OED Labs

OED Text Visualizer

Here at the OED, we are exploring new ways for researchers to harness the power of the OED dataset.

 

Feedback from the academic community has shown us that while OED.com is a highly valuable resource for analyzing texts, it can also be a time-consuming experience. This is particularly acute for researchers working with historical texts, which often adds an extra level of complexity.

 

In response to this feedback, we are developing a new application called the OED Text Annotator.

 

The OED Text Annotator is a powerful data engine that tokenizes, lemmatizes, and disambiguates each word within a digitized text and then annotates each sense with OED data.

 

Our aspiration for this application is to enable researchers to more easily conduct in-depth or computational textual analysis on any digitized text using the full richness of the OED dataset.

 

The OED-annotated texts generated by this application have the potential for use in numerous formats and avenues of research. To showcase one such use, we have developed a tool called the OED Text Visualizer to distil the data and inspire new thinking.

 

The OED Text Visualizer takes the annotated text output of the OED Text Annotator and displays the etymologies and first usages, two core components of the OED’s data, in a visual format to demonstrate how annotation paired with simple visualization can open up new areas of questioning and means of discovery.

 

You are invited to test the OED Text Visualizer.
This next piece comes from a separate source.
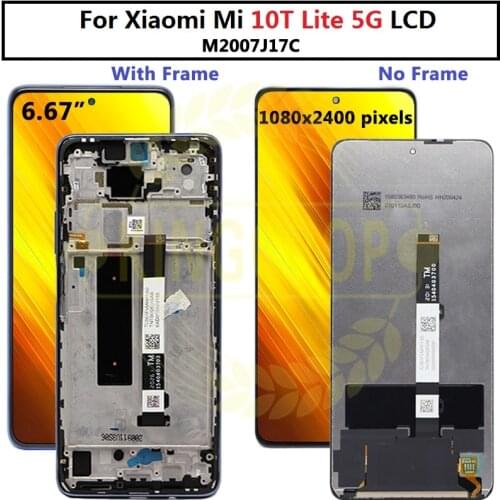6.67"Original For Xiaomi Mi 10T Lite 5G LCD Screen Display+Touch Panel Digitizer For Xiaomi 10T Lite 5G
Click on the button to access the tool and user information.

Frequently Asked Questions

 


What have been the improvements for version 2 of the beta?
 

  • Larger visualization interface
  • Ability to dynamically ‘zoom in’ on lower frequency words ie. the ‘juicier stuff’
  • Option to toggle between immediate and ulterior etymon information in the visualization
  • The visualization can now show up to two etymon languages where required
  • Option to toggle on or off: word shown in text in line with the dot in the visualization
  • Expanding the ‘other’ category for etymon to show further languages
  • Improvement for performance on post-1750 texts
  • Improved frequency data
  • Improvement in the handling of multi words phrases
  • Improvement in the handling of proper names

 

What are the abbreviations for part of speech?

 

Please refer to this key to explain the part of speech abbreviations.

 

What’s the difference between immediate and ulterior etymon?

 

‘Language of immediate origin’ is the language from which the word has been either directly inherited or borrowed or within which it has been formed, and the ‘Language of ulterior origin’ is the language from which the word is more remotely derived.